(DATASET EXTRACT)

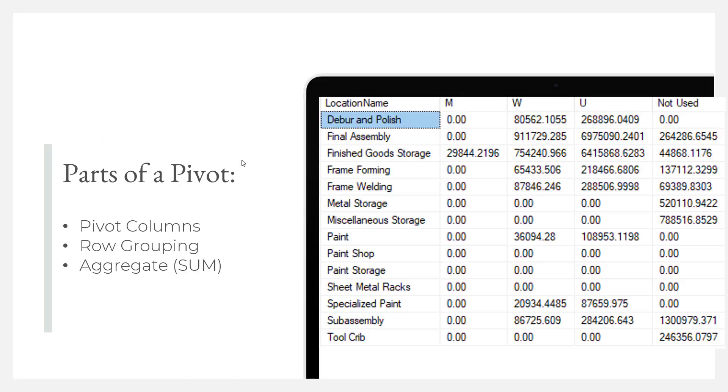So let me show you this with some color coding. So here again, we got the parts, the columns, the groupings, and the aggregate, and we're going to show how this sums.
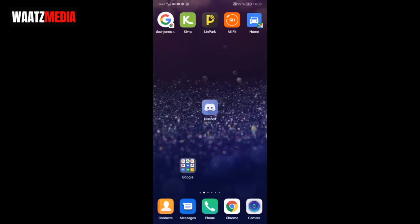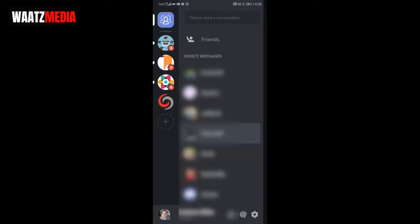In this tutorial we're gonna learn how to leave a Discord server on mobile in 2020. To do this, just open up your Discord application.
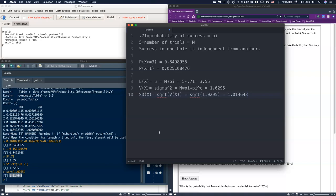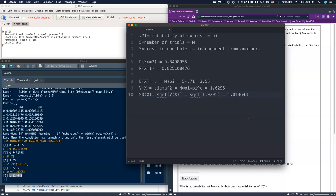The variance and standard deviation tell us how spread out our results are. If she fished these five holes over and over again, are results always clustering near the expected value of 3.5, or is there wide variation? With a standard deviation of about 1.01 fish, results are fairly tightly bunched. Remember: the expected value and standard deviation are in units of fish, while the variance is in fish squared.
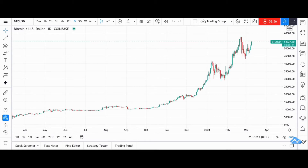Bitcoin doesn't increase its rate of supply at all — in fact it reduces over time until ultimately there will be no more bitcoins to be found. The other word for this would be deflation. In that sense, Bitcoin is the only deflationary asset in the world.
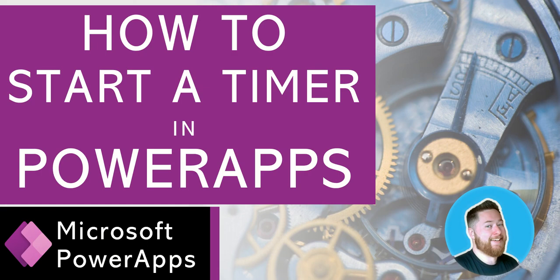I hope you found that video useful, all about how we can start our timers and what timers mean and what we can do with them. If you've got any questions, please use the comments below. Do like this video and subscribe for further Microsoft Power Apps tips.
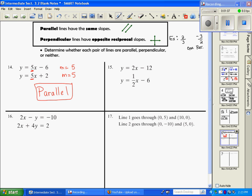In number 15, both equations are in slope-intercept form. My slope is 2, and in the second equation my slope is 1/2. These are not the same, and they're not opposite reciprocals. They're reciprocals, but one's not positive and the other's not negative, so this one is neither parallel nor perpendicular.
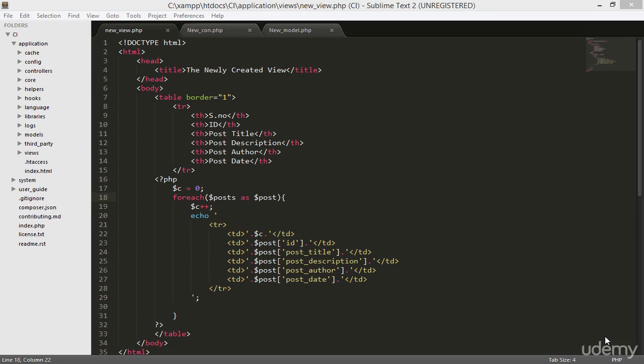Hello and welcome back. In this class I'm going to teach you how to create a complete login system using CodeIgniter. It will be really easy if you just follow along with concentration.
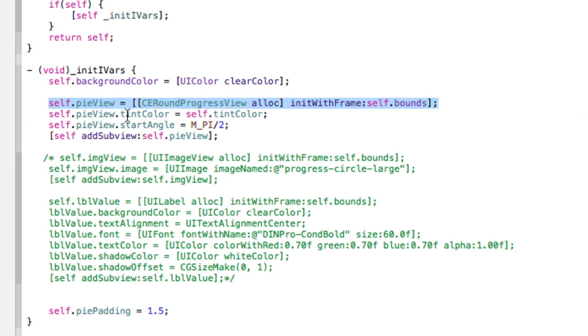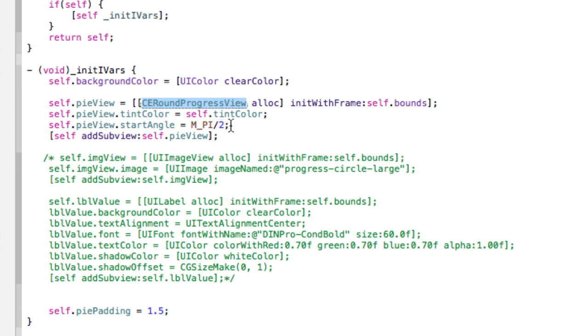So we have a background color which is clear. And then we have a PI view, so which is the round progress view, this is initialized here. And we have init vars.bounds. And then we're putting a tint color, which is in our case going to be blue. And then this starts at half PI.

(End DATASET EXTRACT)
(DATASET EXTRACT)

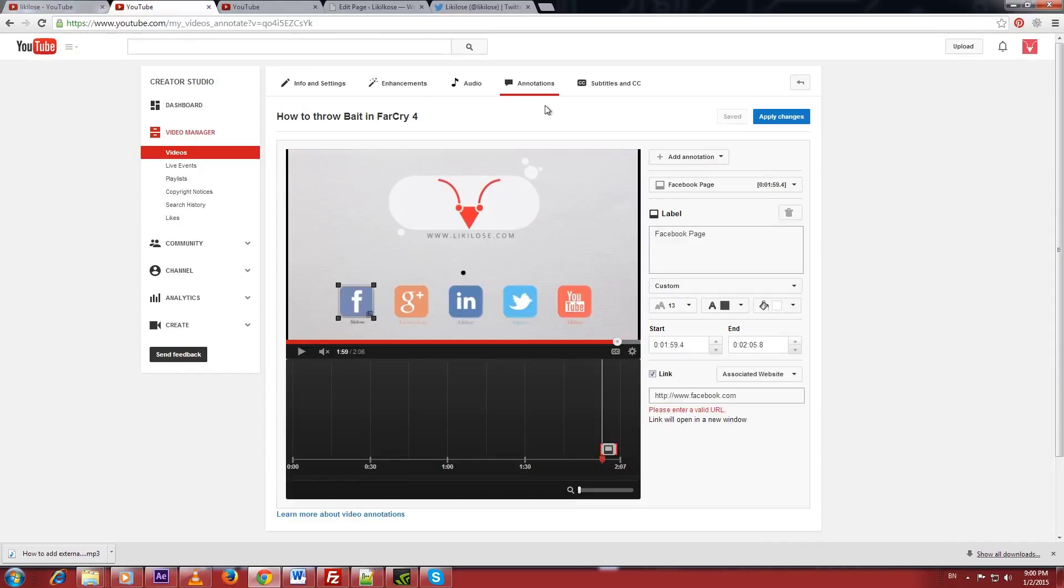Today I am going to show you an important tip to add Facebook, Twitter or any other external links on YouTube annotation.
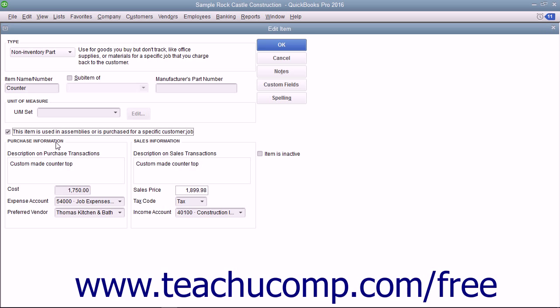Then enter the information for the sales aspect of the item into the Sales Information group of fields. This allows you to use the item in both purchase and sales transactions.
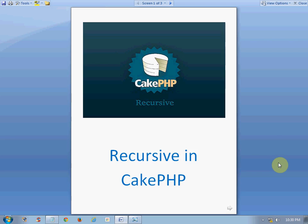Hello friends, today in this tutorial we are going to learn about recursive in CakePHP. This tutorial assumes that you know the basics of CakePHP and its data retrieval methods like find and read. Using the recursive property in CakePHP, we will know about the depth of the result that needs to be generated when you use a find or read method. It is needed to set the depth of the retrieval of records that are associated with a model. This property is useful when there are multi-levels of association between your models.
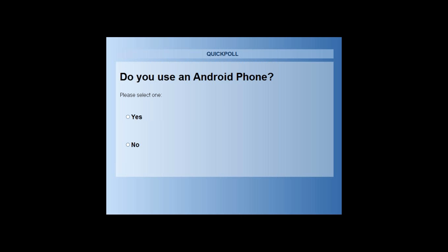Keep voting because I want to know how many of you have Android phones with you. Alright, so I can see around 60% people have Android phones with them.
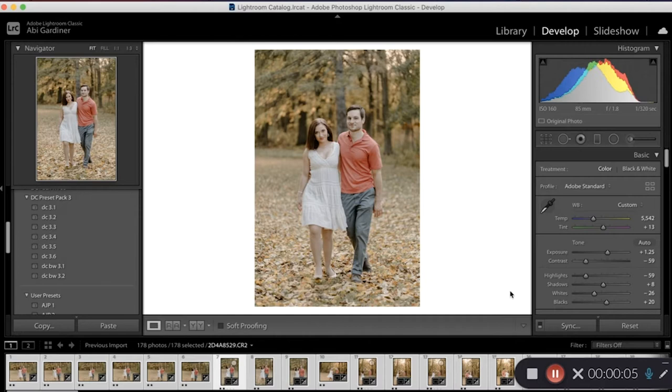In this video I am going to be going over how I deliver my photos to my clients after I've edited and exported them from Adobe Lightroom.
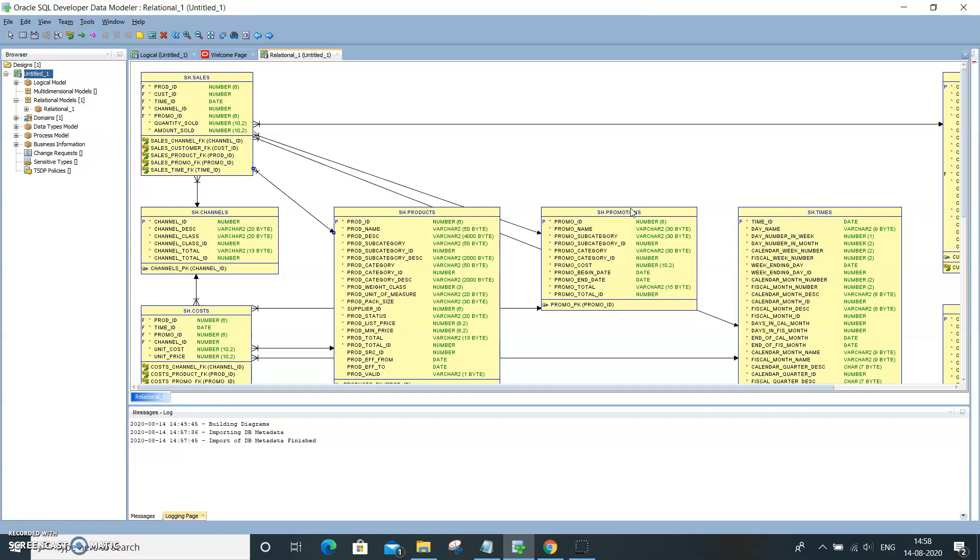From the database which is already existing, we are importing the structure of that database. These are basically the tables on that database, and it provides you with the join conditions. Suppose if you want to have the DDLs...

(End DATASET EXTRACT)

• **TASK TO CARRY OUT**: Reproduce the records above exactly, but only from the line with "So let me show" up to and including the line with "In this tutorial we're". Leave the pictures out.

• **RESULT**:
So let me show you this with some color coding. So here again, we got the parts, the columns, the groupings, and the aggregate, and we're going to show how this sums.
In this tutorial we're gonna learn how to leave a Discord server on mobile in 2020. To do this, just open up your Discord application.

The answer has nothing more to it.